▶ _THE PROBLEM_
Only the lines from the one containing "A reception desk" through the end of the listing are to be repeated, exactly and without pictures.

▶ _RECORDED INFORMATION_
- - - -
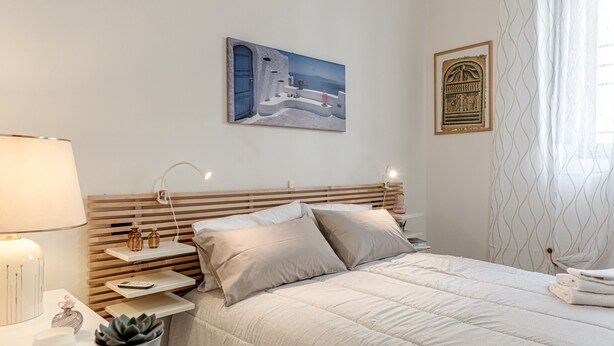 Una camera d'albergo ordinata con un letto, comodini, una lampada, una pianta in vaso e opere d'arte alle pareti.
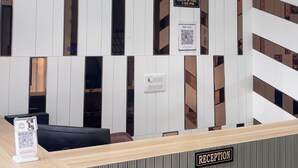 A reception desk with a check-out time sign, a QR code for digital check-in, and a reception area with a modern design. - The Manthan Heights (Vrindavan)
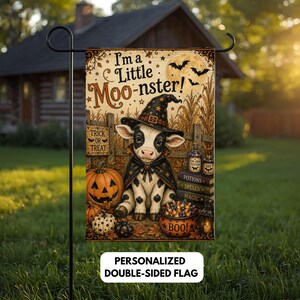 Peut inclure: Un drapeau de jardin rectangulaire représentant un veau noir et blanc portant un chapeau de sorcière et une cape. Le texte indique I'm a Little Moo-nster! avec une citrouille, un bol de bonbons étiqueté BOO et des livres intitulés Potions, Spells, Magic.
- - - -
▶ _WRITTEN RESPONSE_
 A reception desk with a check-out time sign, a QR code for digital check-in, and a reception area with a modern design. - The Manthan Heights (Vrindavan)
 Peut inclure: Un drapeau de jardin rectangulaire représentant un veau noir et blanc portant un chapeau de sorcière et une cape. Le texte indique I'm a Little Moo-nster! avec une citrouille, un bol de bonbons étiqueté BOO et des livres intitulés Potions, Spells, Magic.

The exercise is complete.